Output the entries in full and verbatim, pictures omitted.

--------------------------------------------------

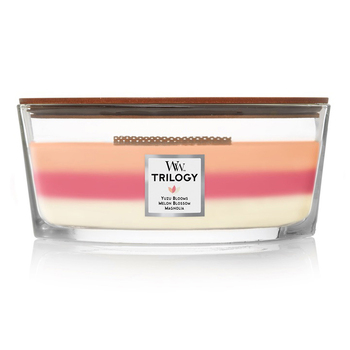 WoodWick 453g Scented Candle Blooming Orchard Trilogy Ellipse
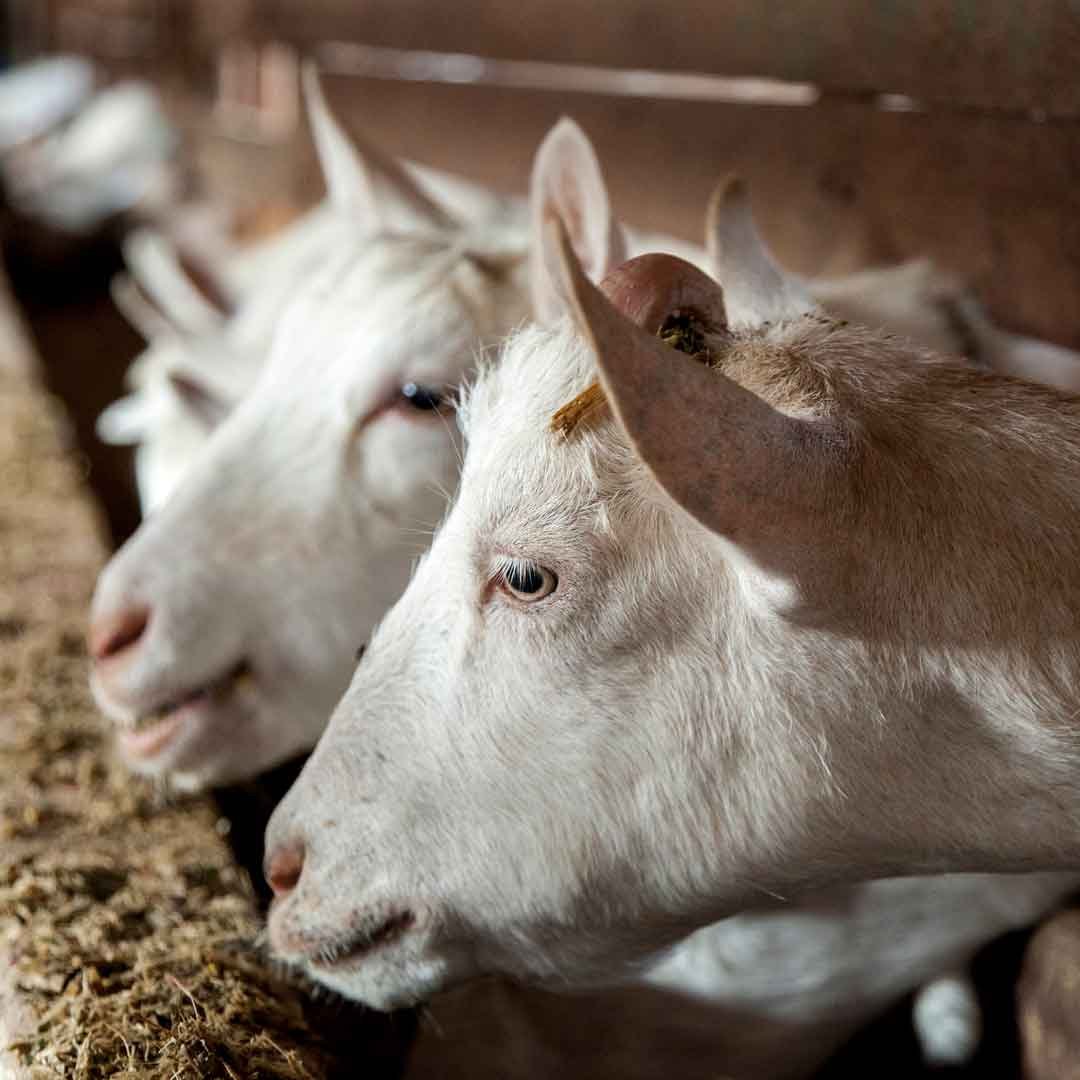 Goats-eating.jpg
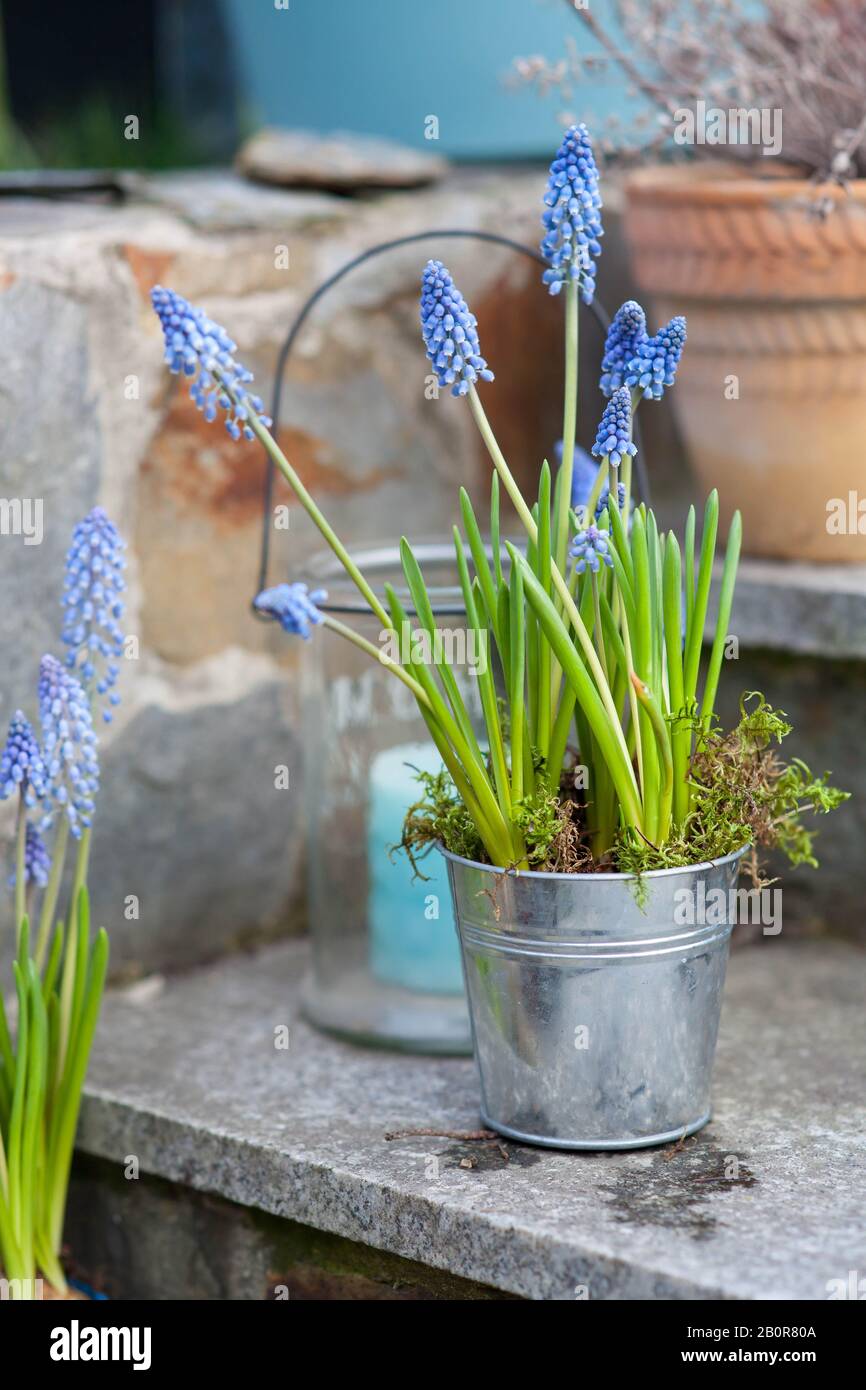 Frühlingsdekoration im Garten - blaue Muscari-Blumen in einem Blumentopf aus Metall und lampion mit blauer Kerze Stockfoto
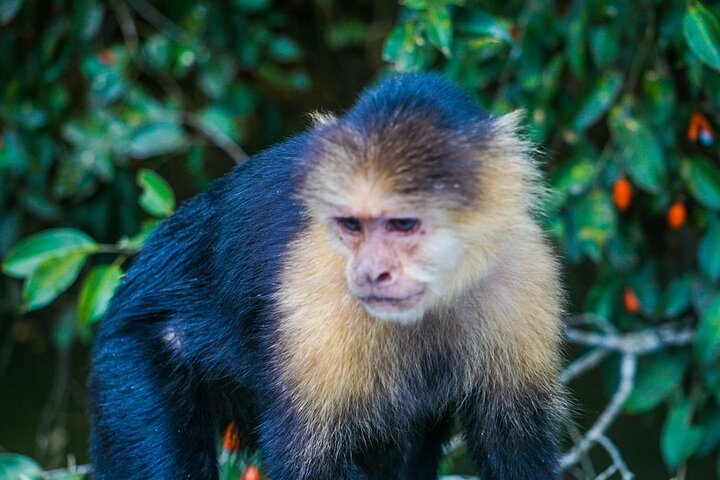 Monkey Tour Adventure with Gamboa Rainforest Nature Walk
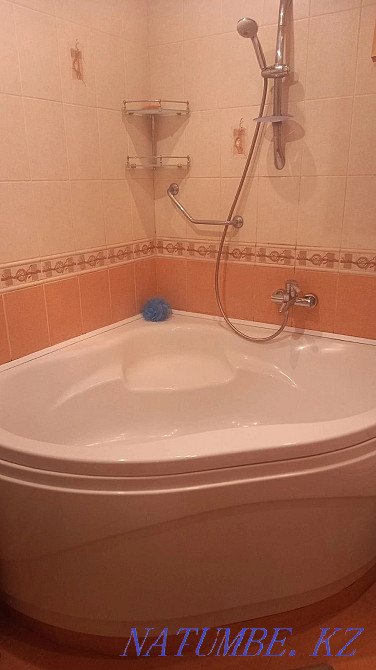  Шымкент - изображение 4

--------------------------------------------------

> Result of the exercise
 WoodWick 453g Scented Candle Blooming Orchard Trilogy Ellipse
 Goats-eating.jpg
 Frühlingsdekoration im Garten - blaue Muscari-Blumen in einem Blumentopf aus Metall und lampion mit blauer Kerze Stockfoto
 Monkey Tour Adventure with Gamboa Rainforest Nature Walk
  Шымкент - изображение 4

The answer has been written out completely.